For Obama to now chide his audience to talk to people they don't agree with -because otherwise you are just sloganeering and ignoring nuance - is cynical and hypocritical.  He certainly never conversed with Al-Awlaki, or even with Al-Awlaki's parents when they pleaded in vain for a meeting with him to try to dissuade him from his execution order. He certainly didn't talk to the teenage son of Al-Awlaki before one of his drones r killed the boy and some of his friends as they were innocently eating pizza.

To the extent that Obama has acknowledged his role as lord high executioner of the United States, he glosses over it with the usual "higher ground" rhetoric to excuse all manner of crimes, both his own and those of others in his global social, political and economic cohort.

Just as he now lectures the world on their alleged "complicity" in war and violence, he's also lectured the thousands of his own drone victims, actually trying to make them responsible for their own deaths. This grotesque passage in his "Promised Land" memoir particularly stands out:

I wanted somehow to save them—send them to school, give them a trade, drain them of the hate that had been filling their heads. And yet the world they were a part of, and the machinery I commanded, more often had me killing them instead."

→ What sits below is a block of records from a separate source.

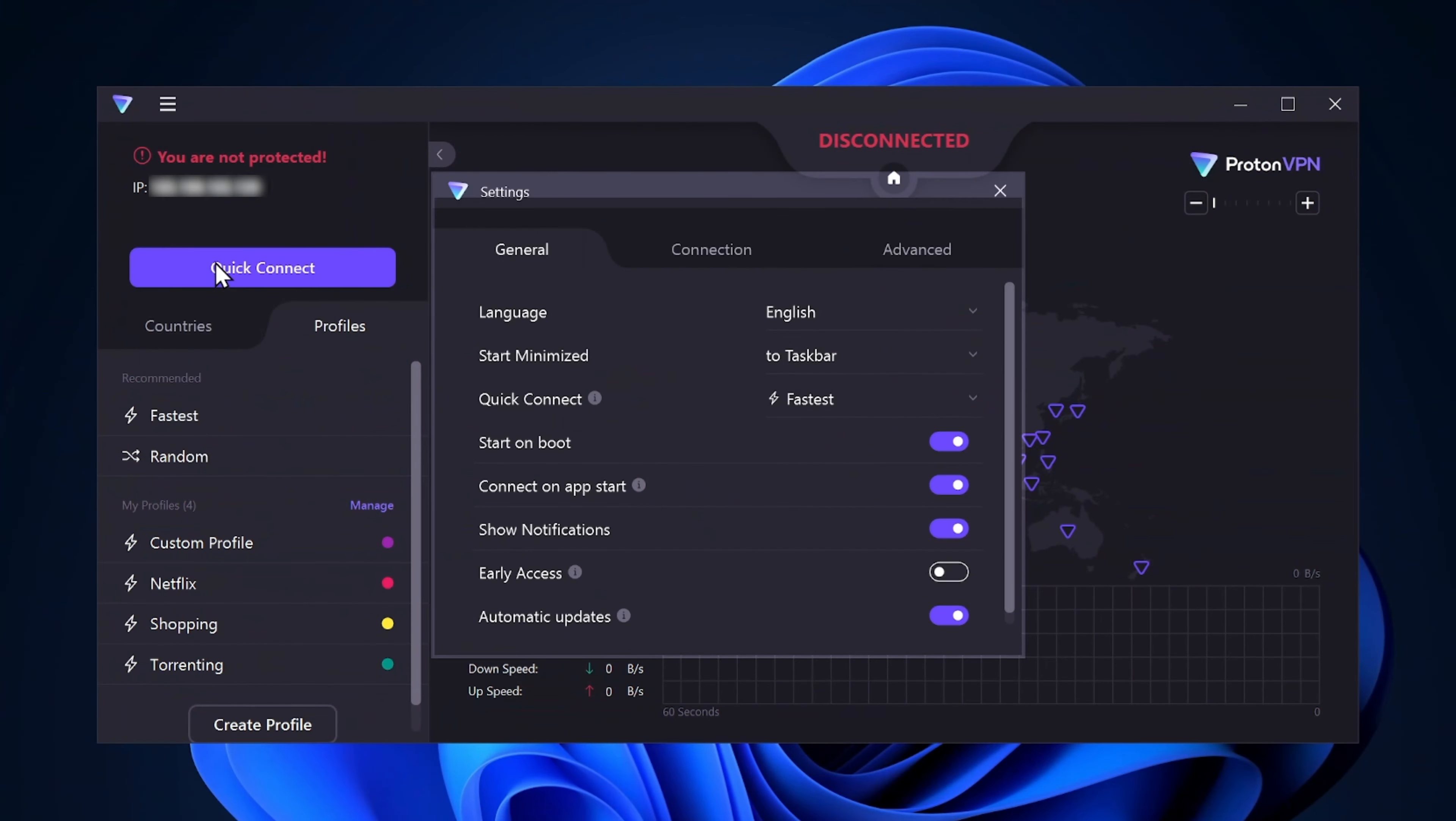Similarly, the Quick Connect button allows users to specify the country and server type they prefer. This is a great option if you don't have time to try out multiple servers before deciding. Again, you can create a profile, then go to Settings and change the Quick Connect function.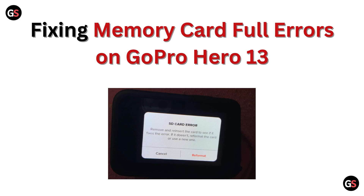Hi everyone, getting a memory card full error on your GoPro Hero 13? In this video, we will show you how to free up space and optimize your storage for uninterrupted recording.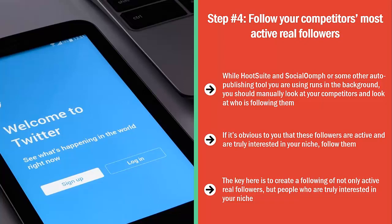The key is to create a following of not only active real followers, but people who are truly interested in your niche. If you do this right, you build a tremendous amount of credibility with the high-quality curated content that you're sharing, and this can draw eyeballs to your Layer 1, Layer 2, and Layer 3 content, leading to traffic to those pages.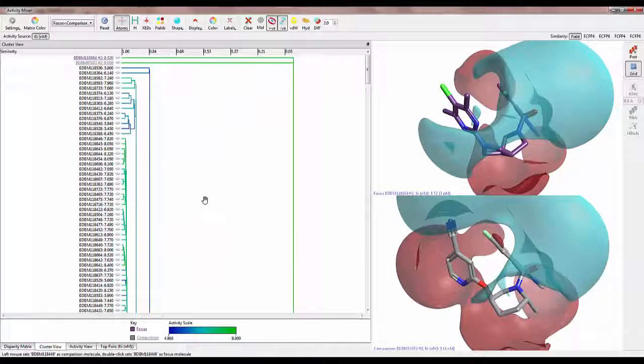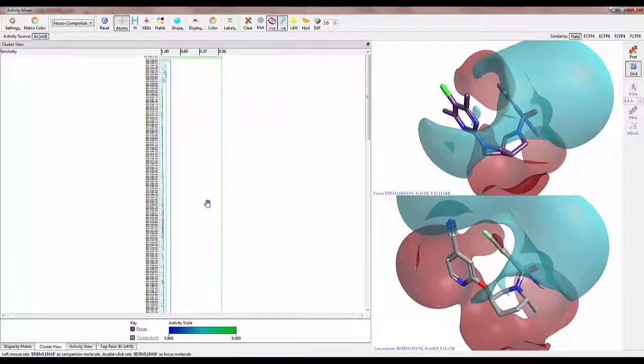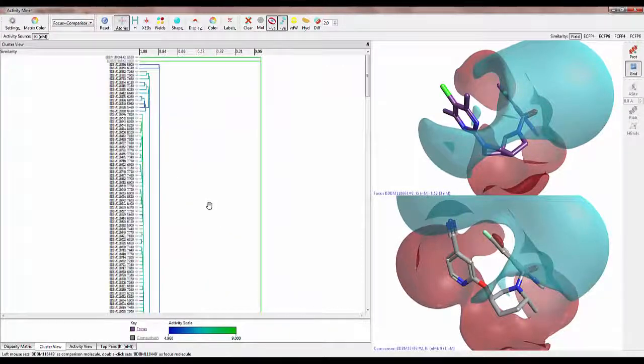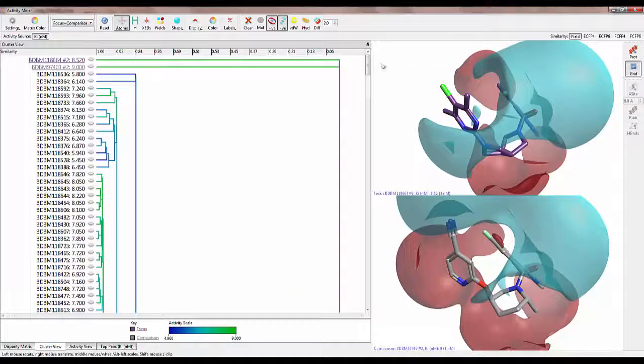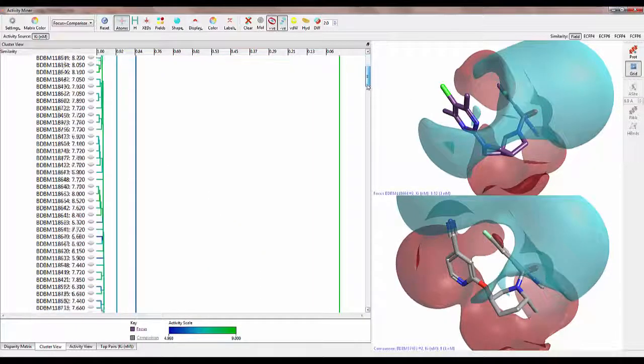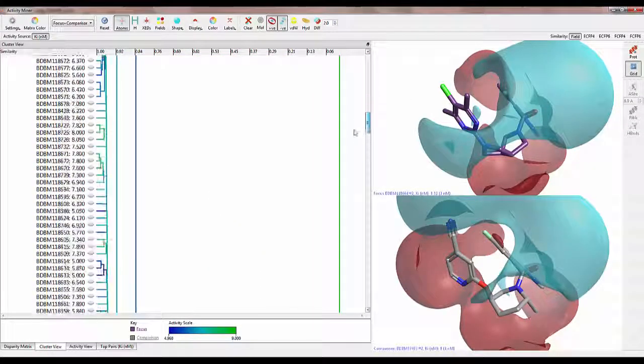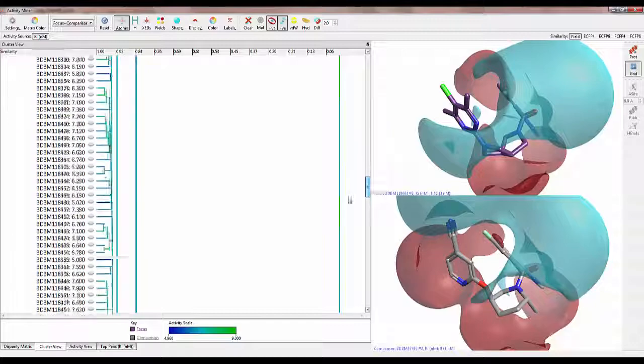During this calculation, ActivityMiner also clusters the molecules and presents the results in a dendrogram.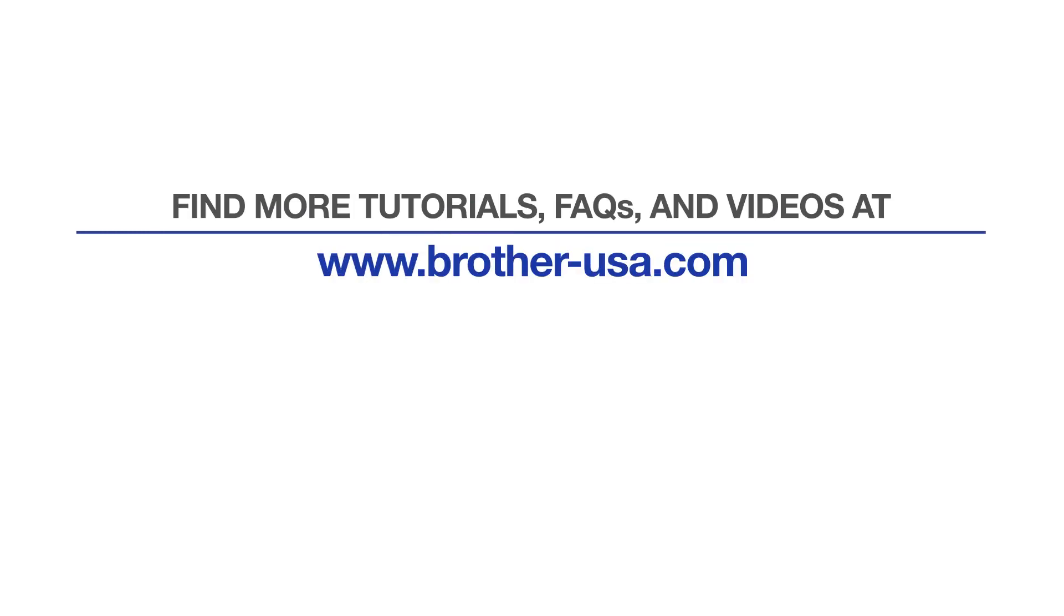For more tutorials, FAQs, and videos, visit us at www.brother-usa.com. If you found this video helpful, be sure to subscribe. Thank you for choosing Brother.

It's a variation of the old Pontius Pilate excuse. Having disclaimed responsibility for murder, Obama doesn't even feel the need to wash his hands of murder on a much more epic scale. He merely flicks the guilt away at everybody else. 

Maybe Caroline Kennedy can give him another Profile in Courage award. Maybe the Nobel committee can give him another peace prize. Better yet, maybe the Hollywood that he so adores can give him an Oscar for best performance by a political actor iin the horror-fantasy genre. He also probably deserves the Most Valuable Player award in the world series of conflagration. He does, after all, have a very mean curveball. He pitches so fast and so loose that whenever his foul balls hit somebody in the head, they never even see it coming. And that is their own fault. They are complicit just for existing.


2 comments:

Valerie said...

I detest Obama - and Clinton, even more. There is something truly hateful about a hypocrite. As Reagan remains a hero of the Republican Party, Obama is the same for the Democrats. Paul Jay did an amazing series on what Obama did to the economy and his giveaway to the bankers after being given a mandate from ordinary folk to clean up the banking system. Obama's legacy is that he stepped on every innocent person's head as he climbed up the ladder, building his own fortune and "success."

VLT said...

You mean the Caroline Kennedy who is ambassador to Australia who refuses to consider working with the Australian government to free its own citizen, Julian Assange, who is rotting in prison for NO CRIME? Between RFK and Caroline, I am done with THIS generation of Kennedy. The real Kennedys - RFK and JFK would be ashamed of their children.